Siendo realmente honestos, el que peca y reza casi nunca empata. Por mucho que los relapsos se esfuercen en demostrar lo contrario. En reiteradas ocasiones, las Autodefensas Gaitanistas de Colombia (AGC), también conocidas como Clan del Golfo, han insistido en que desde el 7 de agosto de 2022, cuando se posesionó el presidente Gustavo Petro, decretaron un cese el fuego y de hostilidades unilateral de lo que llaman sus “operaciones ofensivas”, para
probar su compromiso con la paz total. Cabría preguntarse si aún lo conservan porque el desafiante accionar desplegado en las últimas horas por sus bloques y frentes al colgar pendones, pintar letreros o distribuir panfletos en extensas zonas de la Costa y en subregiones de Antioquia evidencia todo lo contrario.
Coincidiendo con el aniversario 120 del nacimiento del caudillo liberal Jorge Eliécer Gaitán, esta nueva demostración de fuerza provocó, como en anteriores ocasiones, zozobra entre los habitantes de territorios sometidos al férreo control de la estructura armada ilegal que, visto lo visto, mantiene invariable su intención de amenazar e intimidar a quienes supuestamente ofrecerían, de la mano del Gobierno, alivios de carácter humanitario o mejoras en sus condiciones de seguridad. Pues, ni lo uno ni lo otro. Ni las paredes de la capilla Sagrado Corazón de Jesús, en San Onofre, se salvaron de ser pintadas con los atemorizantes mensajes de los herederos del paramilitarismo.

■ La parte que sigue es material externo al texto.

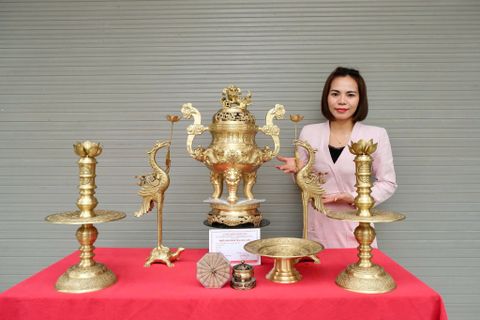 Bộ Ngũ Sự Bằng Đồng Vàng Cao 60 Rồng Vàng Mộc +Mâm bồng 30cm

Entre la noche del domingo 22 de enero y la madrugada del 23, integrantes del clan se hicieron sentir en casas, parques, fincas o en vías de zonas urbanas y rurales del sur de Bolívar, Córdoba, Sucre y Atlántico, puntualmente
en Juan de Acosta y Soledad, así como en cerca de 30 municipios de Antioquia. Rutas definidas, movimientos calculados. Con celeridad, Policía y Ejército desmontaron carteles y pancartas, ofrecieron un parte de tranquilidad a
las comunidades e incluso reportaron detenciones. En algunos casos, se anunció que las pintadas serían borradas lo antes posible.
Cerrar filas contra el terrorismo debe ser un inamovible de toda sociedad democrática. Por consiguiente, actos de esta naturaleza, planeados y ejecutados para infundir alarma social con fines políticos, ameritan una única respuesta: el
repudio general. Eso tendría que darse por descontado, pero hasta ahora no ha sucedido: ninguna autoridad nacional ha rechazado la conducta de la organización criminal. Además, las intimidaciones contra los civiles son, a juicio de organizaciones que velan por los derechos humanos en las zonas afectadas, una violación del cese el fuego bilateral del Gobierno anunciado el pasado 31 de diciembre.
Cuánta falta hace en estos momentos un pronunciamiento claro de quienes lo han respaldado, empezando por el ministro de Defensa, Iván Velásquez, y el comisionado Danilo Rueda, a los que no se les ve rodeando a comunidades rehenes del miedo por la injerencia absoluta del clan en su vida diaria.
Si existiera, como prevé el Decreto 2658, el Mecanismo de Veeduría, Monitoreo y Verificación se podría acudir a él para dirimir estas situaciones, pero casi un mes después de su expedición aún no se definen reglas, compromisos o
protocolos alrededor de este cese. Y que se sepa de ningún otro. También es cierto que Gobierno y AGC tras los primeros acercamientos exploratorios no han establecido los términos de un diálogo socio jurídico para avanzar en su sometimiento a la justicia. Escenario poco claro por la ausencia de un marco legal que avale la vinculación a la paz total de estructuras sin estatus político, lo que desató un choque de trenes entre el jefe de Estado y el fiscal General, que se verán las caras en pocos días.
Sería deseable que alguien pusiera algo de cordura en medio de tanta confusión, porque lo único claro es que la guerra sigue siendo el modus vivendi de quienes han expresado su deseo de sumarse a la estrategia del Gobierno.